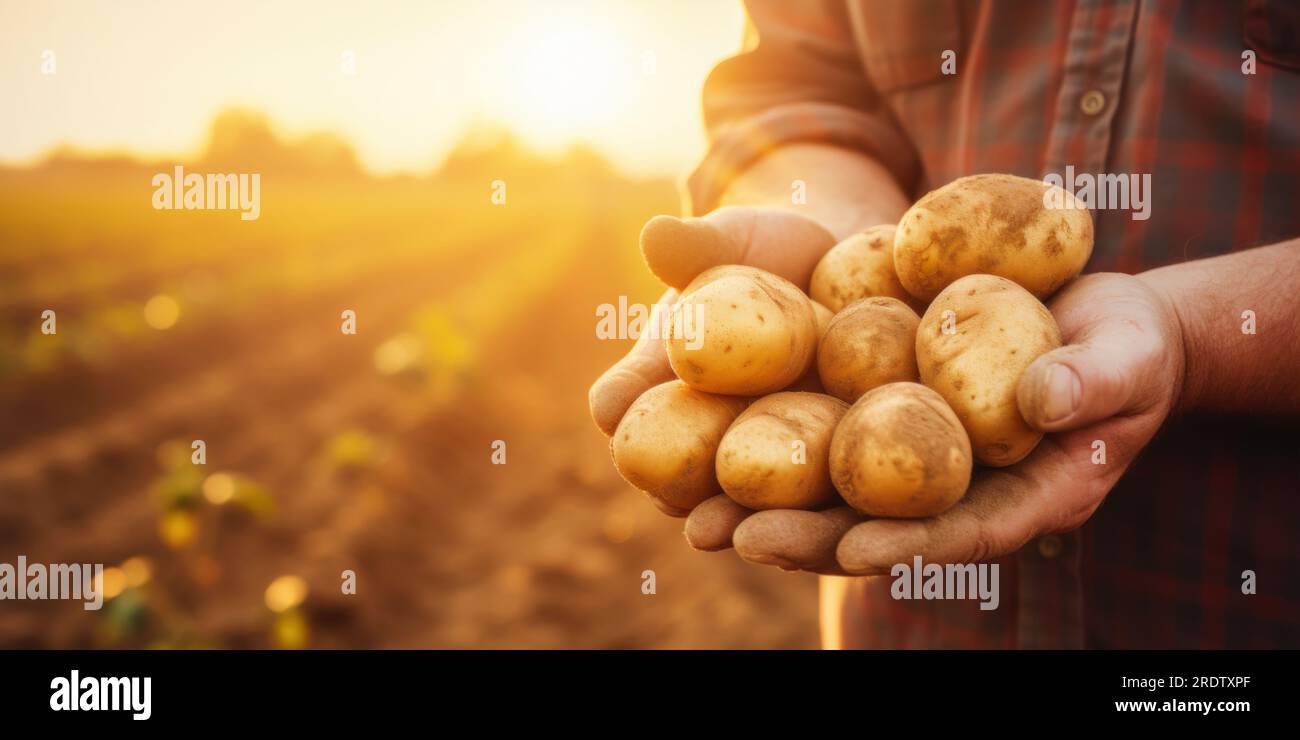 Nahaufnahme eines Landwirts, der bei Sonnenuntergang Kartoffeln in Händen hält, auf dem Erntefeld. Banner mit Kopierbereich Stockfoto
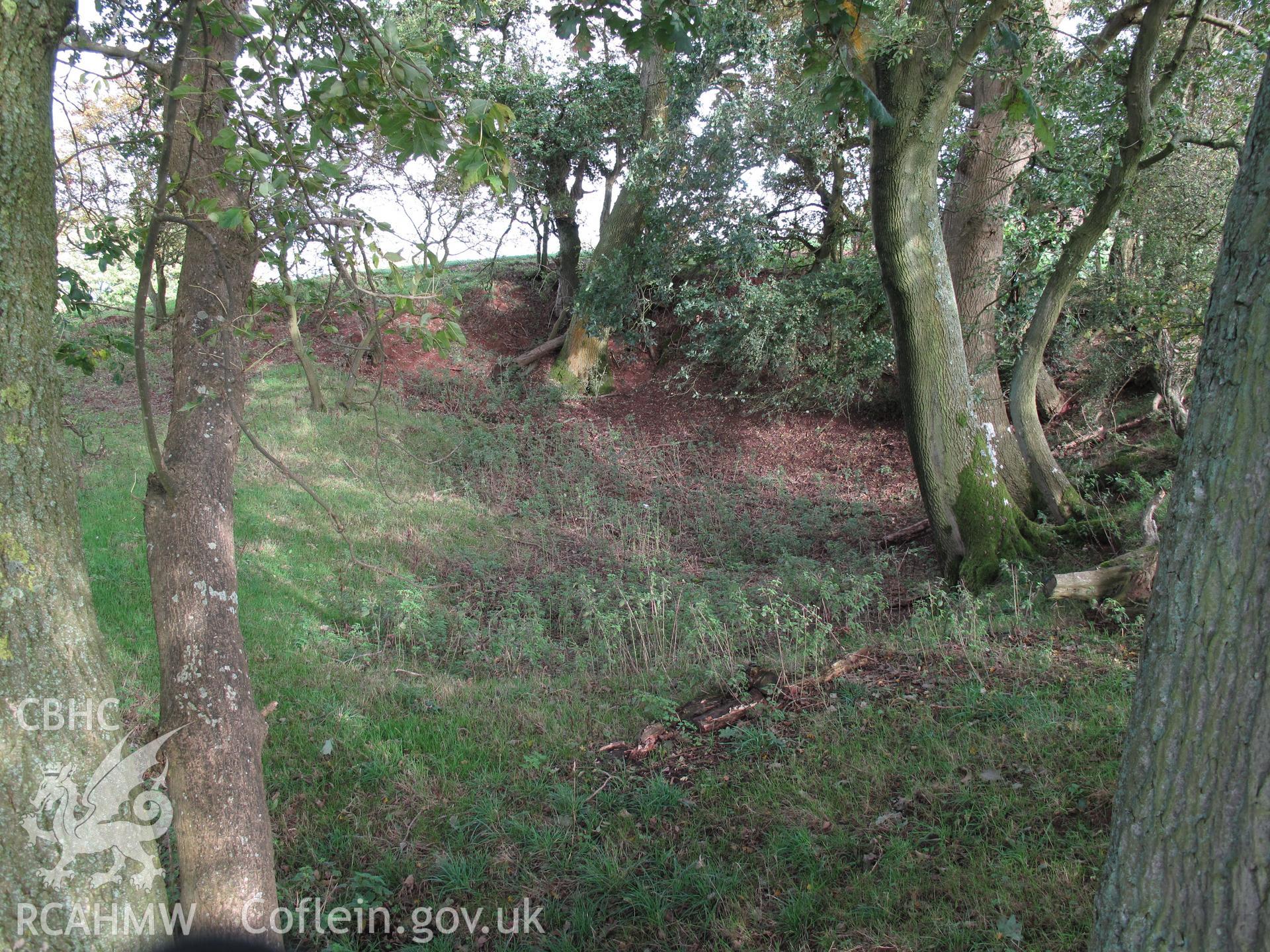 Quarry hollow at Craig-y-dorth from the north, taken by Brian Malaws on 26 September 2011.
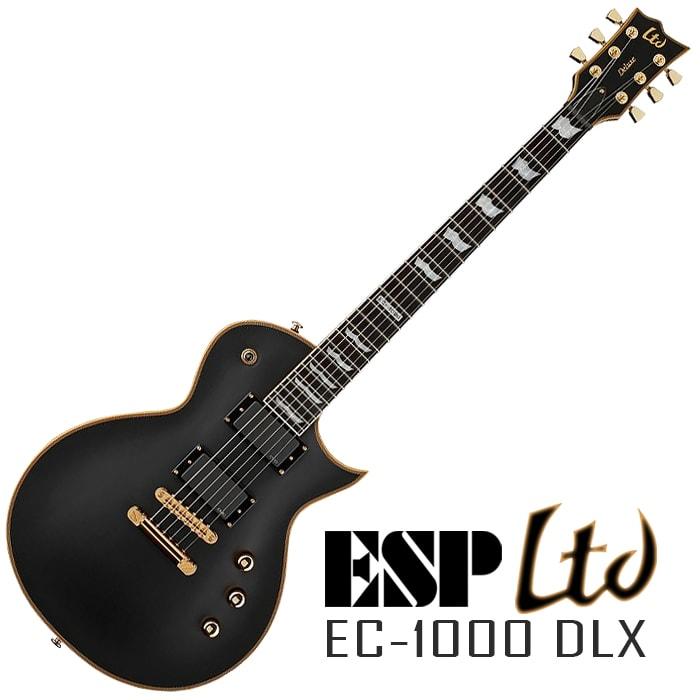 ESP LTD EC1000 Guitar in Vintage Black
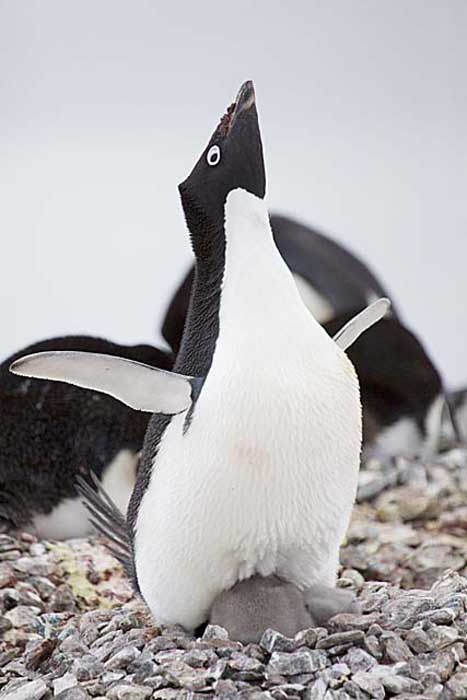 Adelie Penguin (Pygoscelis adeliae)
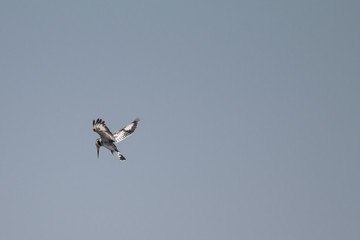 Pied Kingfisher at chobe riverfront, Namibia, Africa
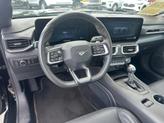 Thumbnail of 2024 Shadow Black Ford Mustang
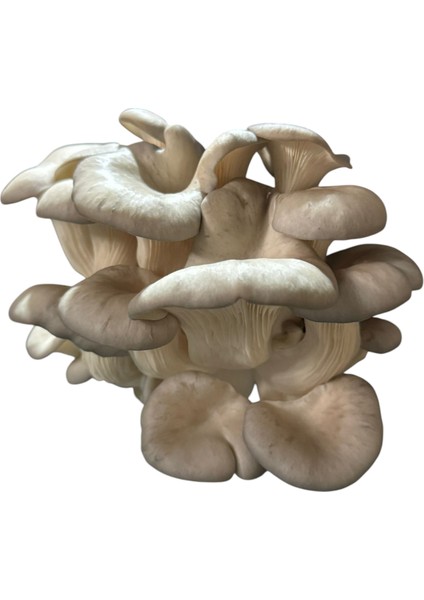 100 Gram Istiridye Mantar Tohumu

============

• TASK REQUIREMENTS
Above are the records; print them all exactly and keep the pictures out.

• FINISHED TASK
 Nahaufnahme eines Landwirts, der bei Sonnenuntergang Kartoffeln in Händen hält, auf dem Erntefeld. Banner mit Kopierbereich Stockfoto
 Quarry hollow at Craig-y-dorth from the north, taken by Brian Malaws on 26 September 2011.
 ESP LTD EC1000 Guitar in Vintage Black
 Adelie Penguin (Pygoscelis adeliae)
 Pied Kingfisher at chobe riverfront, Namibia, Africa
 Thumbnail of 2024 Shadow Black Ford Mustang
 100 Gram Istiridye Mantar Tohumu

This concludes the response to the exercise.